§ **REQUIRED ACTION**
Because the material must be preserved as it stands, copy every line exactly.

§ **GIVEN DATA**
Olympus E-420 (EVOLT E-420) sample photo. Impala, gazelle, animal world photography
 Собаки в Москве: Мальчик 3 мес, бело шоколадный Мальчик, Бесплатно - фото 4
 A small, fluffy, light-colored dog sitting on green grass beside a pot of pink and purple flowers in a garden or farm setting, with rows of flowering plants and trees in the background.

§ **ANSWER BOX**
Olympus E-420 (EVOLT E-420) sample photo. Impala, gazelle, animal world photography
 Собаки в Москве: Мальчик 3 мес, бело шоколадный Мальчик, Бесплатно - фото 4
 A small, fluffy, light-colored dog sitting on green grass beside a pot of pink and purple flowers in a garden or farm setting, with rows of flowering plants and trees in the background.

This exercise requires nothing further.